Rob then moved on to tell us about some of the enhancements to their product line for vSphere 5.0. He first pointed out that to work with vSphere 5.0, you need to use Backup Exec 2010 R3 Service Pack 1 and hotfix 164220. Users can get Backup Exec to check this is installed using the LiveUpdate feature. Be sure and check for this patch before backing up any 5.0 Virtual Machines.

We then heard about the features such as a new vCenter UI Plugin which means you can manage your backups and restores from the vSphere client.

The next cool feature was the Virtual Machine Validator – This tests full virtual machine backups by booting the virtual machine backup in a separate and specialized recovery environment, thereby ensuring backups are recoverable every time. Very neat.

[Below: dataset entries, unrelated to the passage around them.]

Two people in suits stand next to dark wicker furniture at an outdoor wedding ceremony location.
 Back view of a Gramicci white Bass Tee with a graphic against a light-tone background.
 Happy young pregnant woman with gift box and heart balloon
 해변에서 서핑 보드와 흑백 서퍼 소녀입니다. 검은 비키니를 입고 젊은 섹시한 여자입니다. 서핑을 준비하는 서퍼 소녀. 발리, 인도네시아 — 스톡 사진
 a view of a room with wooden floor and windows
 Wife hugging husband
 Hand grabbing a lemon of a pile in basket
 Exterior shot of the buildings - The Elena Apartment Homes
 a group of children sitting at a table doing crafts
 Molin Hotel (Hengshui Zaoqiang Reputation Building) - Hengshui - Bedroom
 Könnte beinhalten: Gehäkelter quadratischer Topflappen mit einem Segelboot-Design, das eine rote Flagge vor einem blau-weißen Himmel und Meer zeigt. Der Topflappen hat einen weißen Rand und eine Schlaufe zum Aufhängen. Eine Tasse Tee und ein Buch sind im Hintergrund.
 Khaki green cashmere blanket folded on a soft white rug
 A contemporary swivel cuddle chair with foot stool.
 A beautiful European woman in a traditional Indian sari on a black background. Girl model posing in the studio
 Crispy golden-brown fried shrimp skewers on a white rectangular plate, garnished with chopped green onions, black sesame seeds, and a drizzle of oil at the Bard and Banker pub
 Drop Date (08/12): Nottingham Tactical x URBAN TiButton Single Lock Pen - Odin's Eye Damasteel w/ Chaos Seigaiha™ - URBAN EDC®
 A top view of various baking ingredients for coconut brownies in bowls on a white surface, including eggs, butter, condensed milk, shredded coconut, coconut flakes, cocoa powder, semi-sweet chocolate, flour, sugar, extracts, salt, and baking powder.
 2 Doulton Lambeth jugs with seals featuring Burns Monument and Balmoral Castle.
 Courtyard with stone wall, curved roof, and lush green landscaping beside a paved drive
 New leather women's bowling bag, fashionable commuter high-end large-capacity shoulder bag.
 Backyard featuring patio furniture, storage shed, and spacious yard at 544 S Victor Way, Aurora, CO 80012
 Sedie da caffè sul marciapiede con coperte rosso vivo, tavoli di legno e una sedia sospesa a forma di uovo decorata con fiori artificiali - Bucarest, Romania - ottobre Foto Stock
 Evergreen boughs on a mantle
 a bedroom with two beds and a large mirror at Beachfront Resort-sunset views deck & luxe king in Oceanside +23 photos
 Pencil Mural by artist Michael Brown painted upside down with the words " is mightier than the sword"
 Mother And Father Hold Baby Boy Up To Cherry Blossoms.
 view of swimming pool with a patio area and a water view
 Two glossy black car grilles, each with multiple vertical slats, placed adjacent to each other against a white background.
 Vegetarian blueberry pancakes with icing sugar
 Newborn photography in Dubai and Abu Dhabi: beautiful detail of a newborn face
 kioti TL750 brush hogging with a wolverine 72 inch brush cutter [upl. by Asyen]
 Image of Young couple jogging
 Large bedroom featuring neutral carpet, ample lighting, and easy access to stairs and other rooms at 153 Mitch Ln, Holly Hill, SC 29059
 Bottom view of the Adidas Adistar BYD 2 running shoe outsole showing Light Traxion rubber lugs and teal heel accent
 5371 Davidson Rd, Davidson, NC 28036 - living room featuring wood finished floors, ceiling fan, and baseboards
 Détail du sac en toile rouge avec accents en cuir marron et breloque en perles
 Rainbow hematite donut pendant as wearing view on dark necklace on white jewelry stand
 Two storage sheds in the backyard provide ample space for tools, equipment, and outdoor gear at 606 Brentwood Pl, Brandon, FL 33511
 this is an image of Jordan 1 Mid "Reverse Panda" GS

We were then told about a new Application HA feature which uses Veritas Cluster Service monitoring technology. This involves running an agent inside of the VM and if an application within the VM fails, the agent will try to restart the services belonging to the application. If the application continues to fail after the services have been restarted, then the agent can trigger vSphere HA to restart the VM. If the application still fails to start, then a new feature can get Backup Exec to automatically restore the VM from the last known good backup. I have to admit that there were a few raised eyebrows at this particular concept (I'm pretty sure a lot of folks would want to get in and troubleshoot the issue), but I think that there is definitely a market for this type of feature. Nice presentation Rob.

The next presentation that I managed to get to was from Xsigo.

 

Xsigo

The first thing I learnt in this presentation from Neil Miller, Systems Engineer with Xsigo, was how to pronounce the name of the company. It's actually pronounced See-go. I bet a lot of people didn't know that. I didn't :-).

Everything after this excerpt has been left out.